D.Merrill, I have a lot of respect for your blog, but don’t be an internet name dropping douche. with your eagle claws out. Only fat basement babies play the “I know english, capitalization, and diction better than you” game, and I know you’re far, far better than that. Put your gun back in its holster, mate.
“Put your gun back in its holster, mate.”
Pot? It’s kettle. We need to talk.
Hey. Matt of Corn Pone Flicks here. I have no earthly idea if these Crunchyroll people are using my subs of Harlock or not-I never even heard of them before yesterday. Either way, however, I DON’T CARE. They did not “steal” my subs, because I don’t own them in the first place. I always intended them to be given out to whomever wanted them. Since I’ve long since stopped distributing them myself, all this means is that people no longer write to me whining about why I quit, so it’s a victory as far as I’m concerned.

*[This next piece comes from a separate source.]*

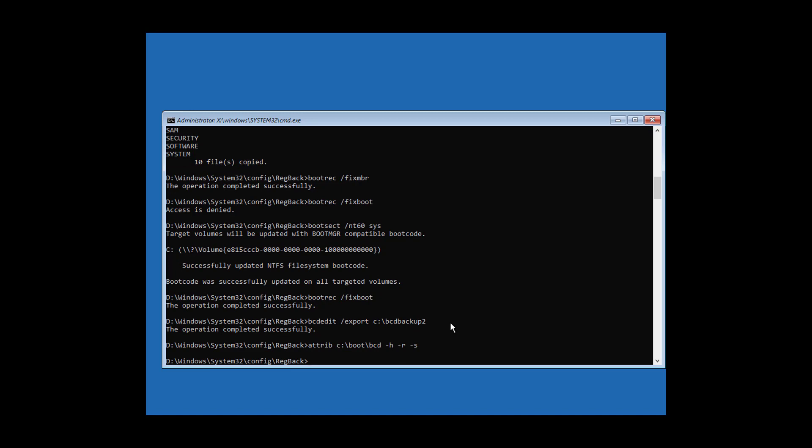Type ren c:\boot\bcd bcd.old to rename the old BCD file.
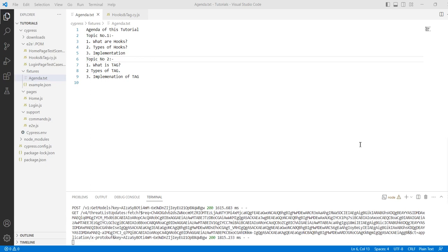Hello everyone, this is Bulam from the Cypress Automation Europe channel. If you are new here, please subscribe to my channel. The agenda of this tutorial is: what are hooks, types of hooks, implementation, and the second topic is what is a tag.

And two, are actual English professors included in the category of the “fat basement babies” who have the nerve to value actual knowledge over the masses of LOLing idiots that comprise 99% of the Internet? Don’t worry; they have nothing to fear. There’s no shortage of advocates ready to rush to defend their right to be ignorant in adulthood of things we teach to eight-year-olds.